Each line from the one with "Paper, Excel Line" through the last line below must be written out exactly. Do not copy pictures.

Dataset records
--------
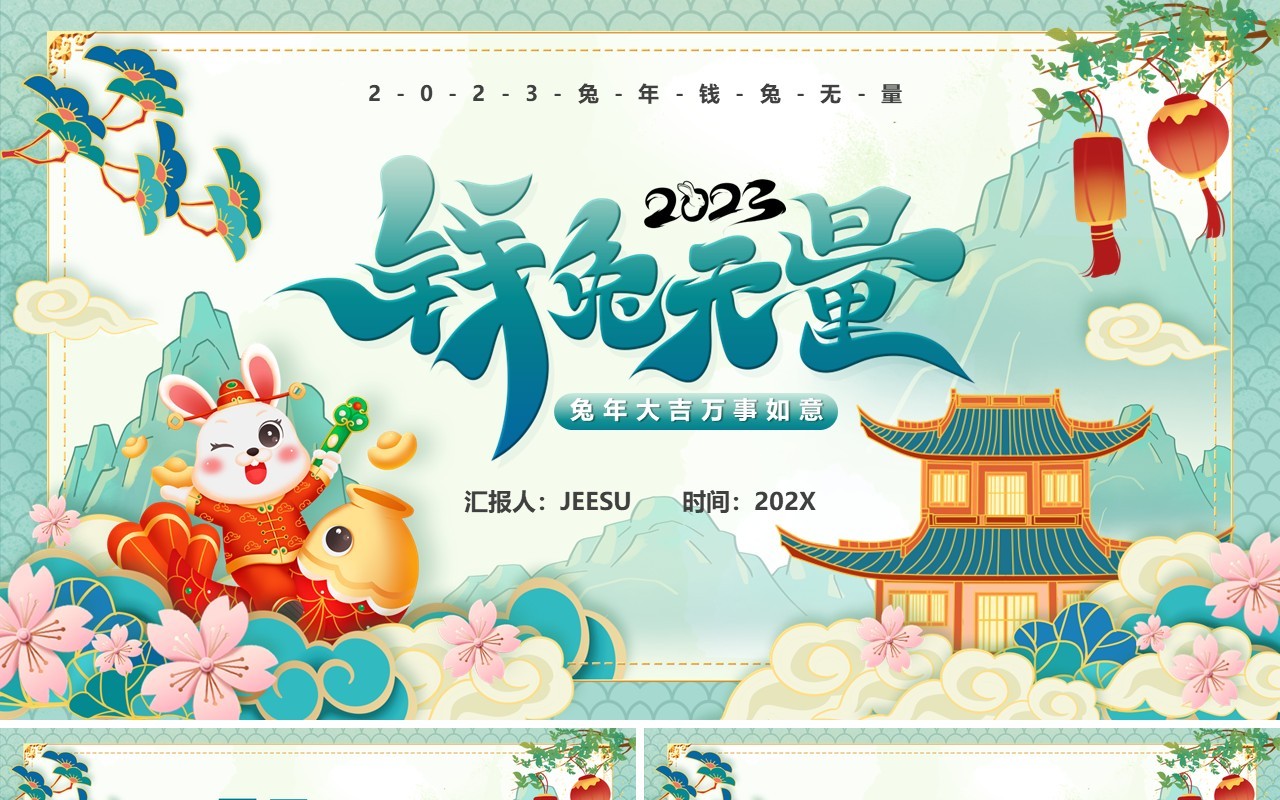 绿色国潮风2023钱兔无量PPT模板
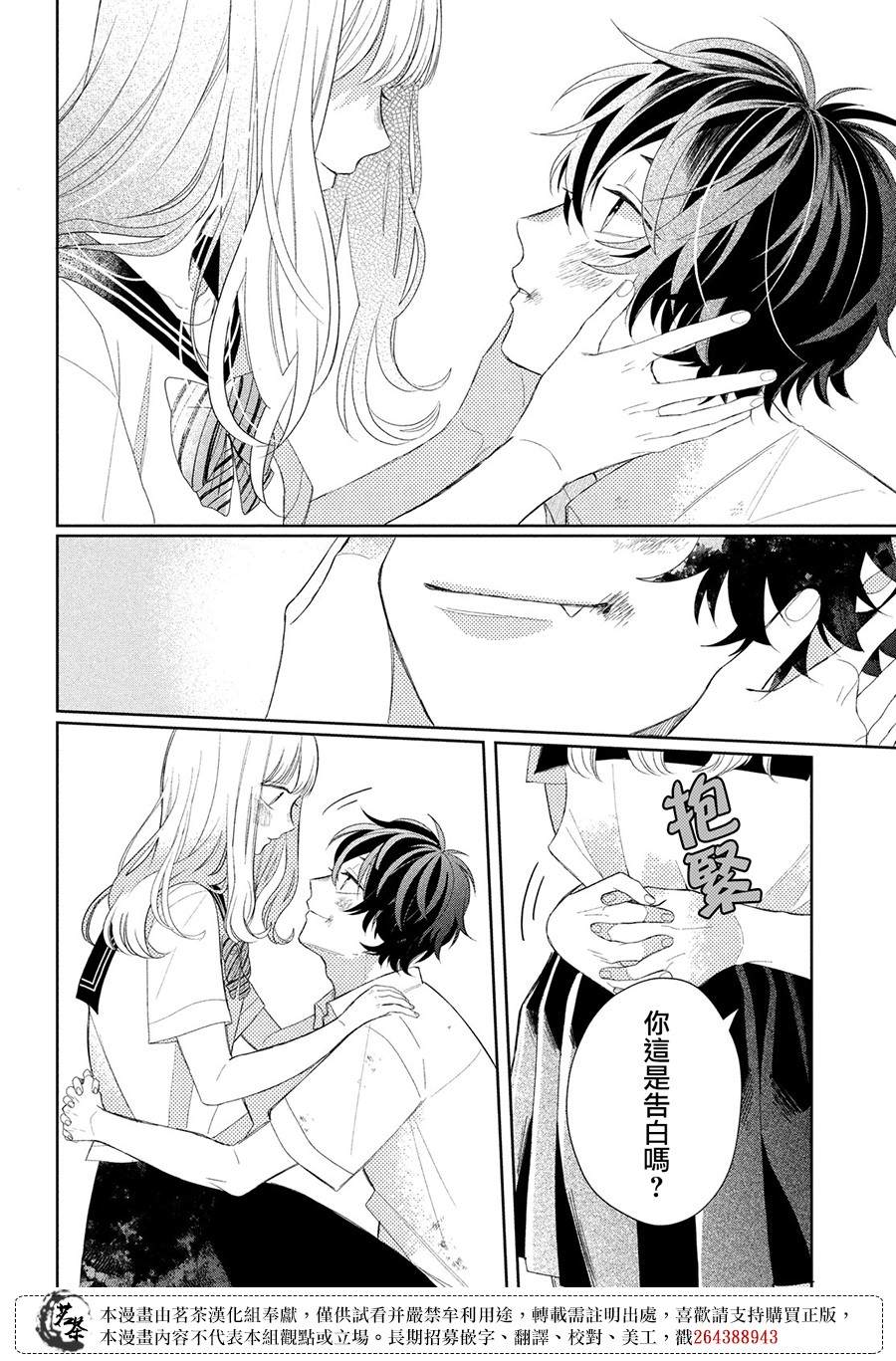 《眼镜仔、偶尔、是不良》漫画最新章节第8话免费下拉式在线观看章节第【36】张图片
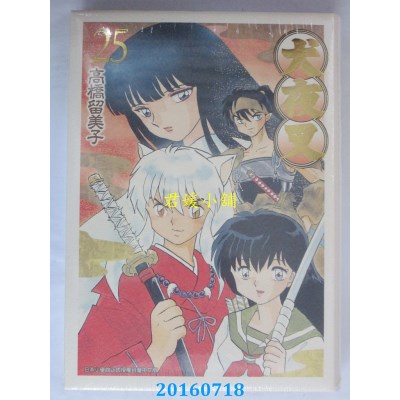 空运版  青文  犬夜叉豪华版(25)  作者： 高桥留美子(全新)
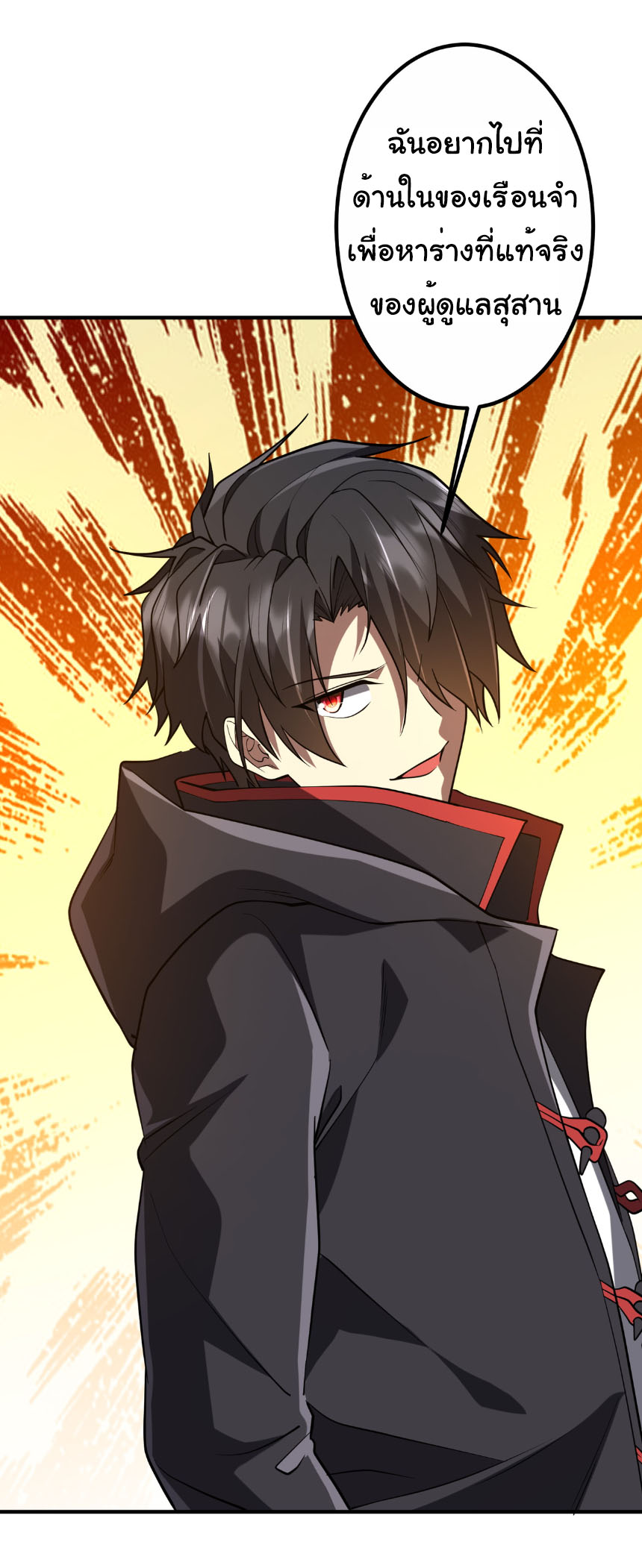 Start with trillions of coins ตอนที่ 213 หน้า 19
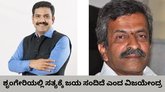 ಅಂತಿಮವಾಗಿ ಸತ್ಯಕ್ಕೆ ಜಯ ಸಿಕ್ಕಿದೆ ಎಂದ ಬಿಜೆಪಿ ರಾಜ್ಯಾಧ್ಯಕ್ಷ ವಿಜಯೇಂದ್ರ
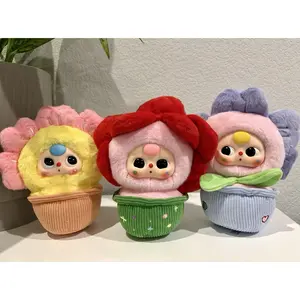 BB3 A Small Flower Pot Plush Baby ThreeFlower Pendants- Your Choice incl SECRET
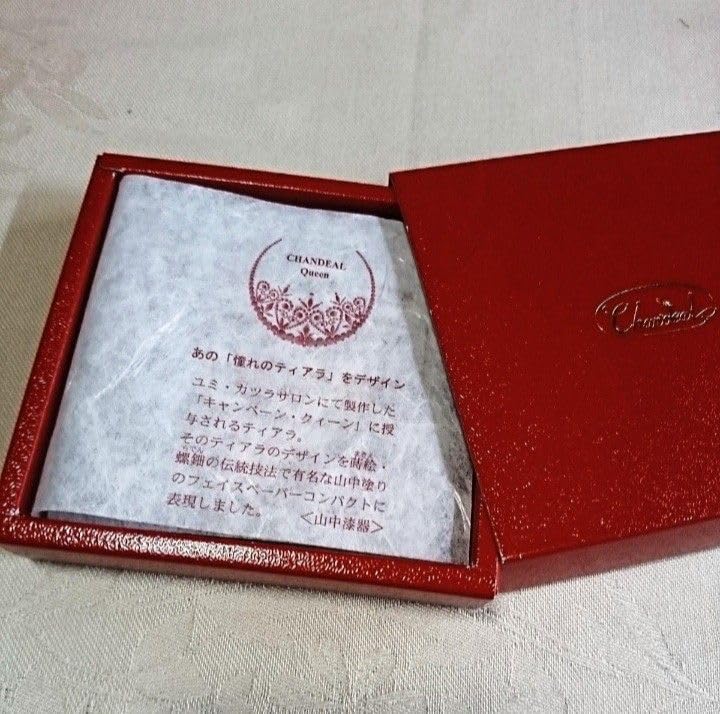 ??????? Yamanaka Lacquerware Compact Oil Blotting Paper with Face Paper, Excel Line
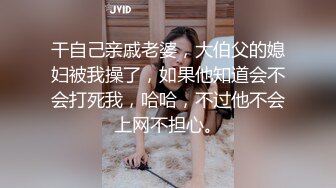 《反差小妹?重磅泄密》露脸才是王道！清纯漂亮小学妹酒店援交金主先赐个假屌自嗨预热然后各种体位啪啪敏感型特能叫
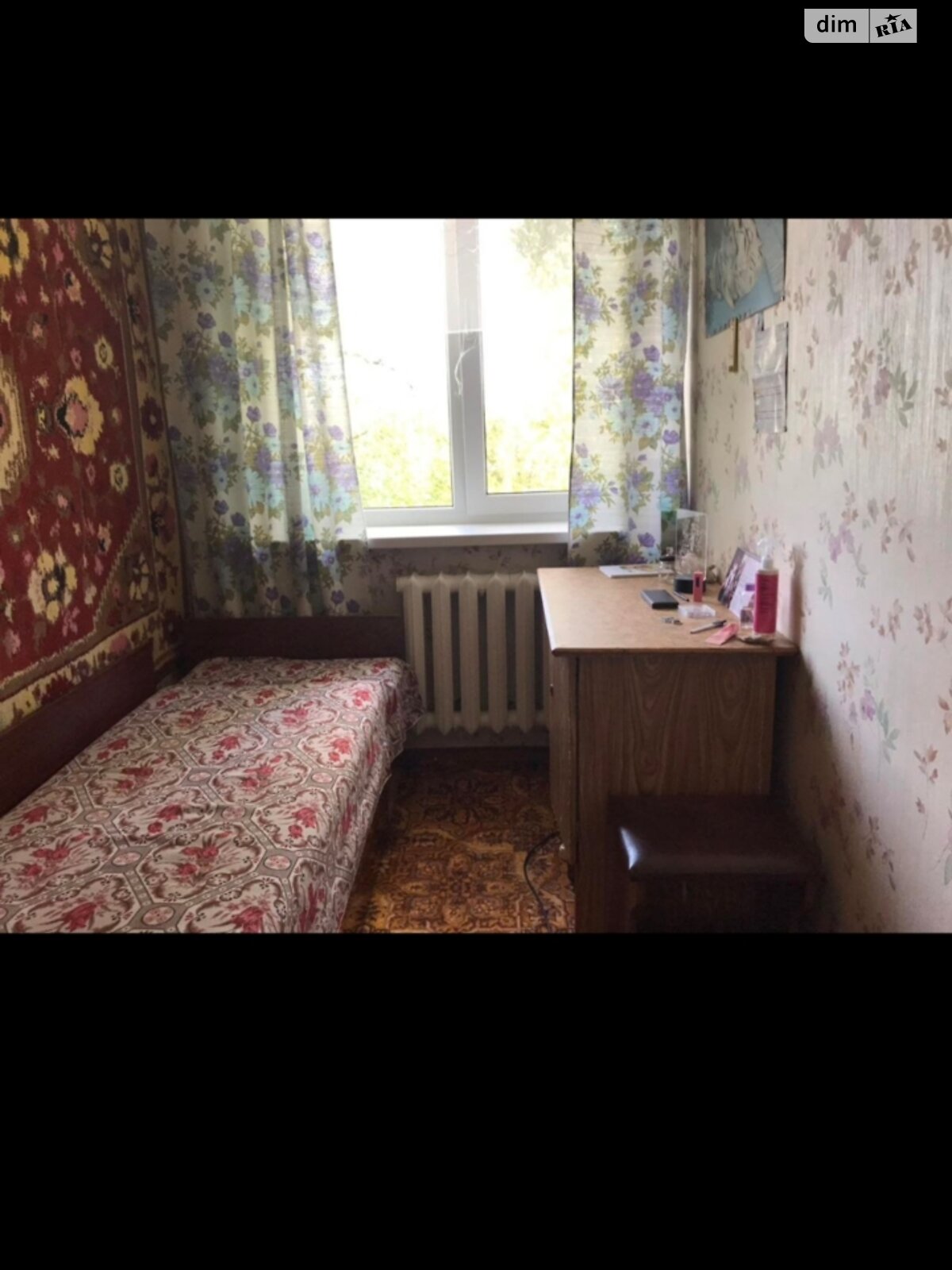 Кімната в Дніпрі, вулиця Івасюка Володимира (Ногинська) 34 помісячно фото 1 Кімната в Дніпрі, вулиця Івасюка Володимира (Ногинська) 34 помісячно фото 1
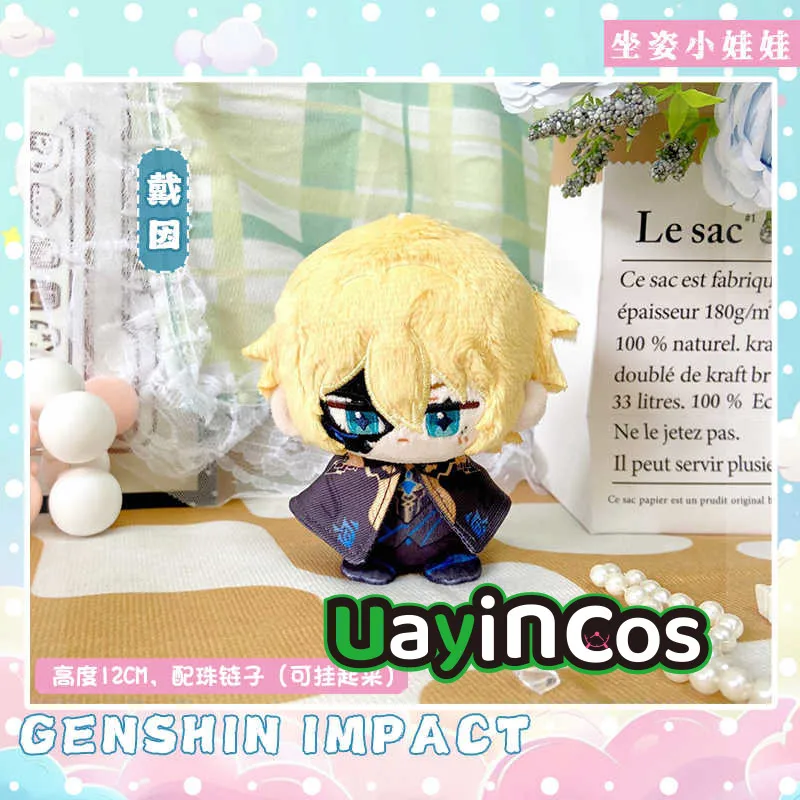 Мягкие плюшевые куклы Genshin Impact Dainsleif Aether Lumine 12 см хлопковая кукла подвеска для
--------
- _Result_
 ??????? Yamanaka Lacquerware Compact Oil Blotting Paper with Face Paper, Excel Line
 《反差小妹?重磅泄密》露脸才是王道！清纯漂亮小学妹酒店援交金主先赐个假屌自嗨预热然后各种体位啪啪敏感型特能叫
 Кімната в Дніпрі, вулиця Івасюка Володимира (Ногинська) 34 помісячно фото 1 Кімната в Дніпрі, вулиця Івасюка Володимира (Ногинська) 34 помісячно фото 1
 Мягкие плюшевые куклы Genshin Impact Dainsleif Aether Lumine 12 см хлопковая кукла подвеска для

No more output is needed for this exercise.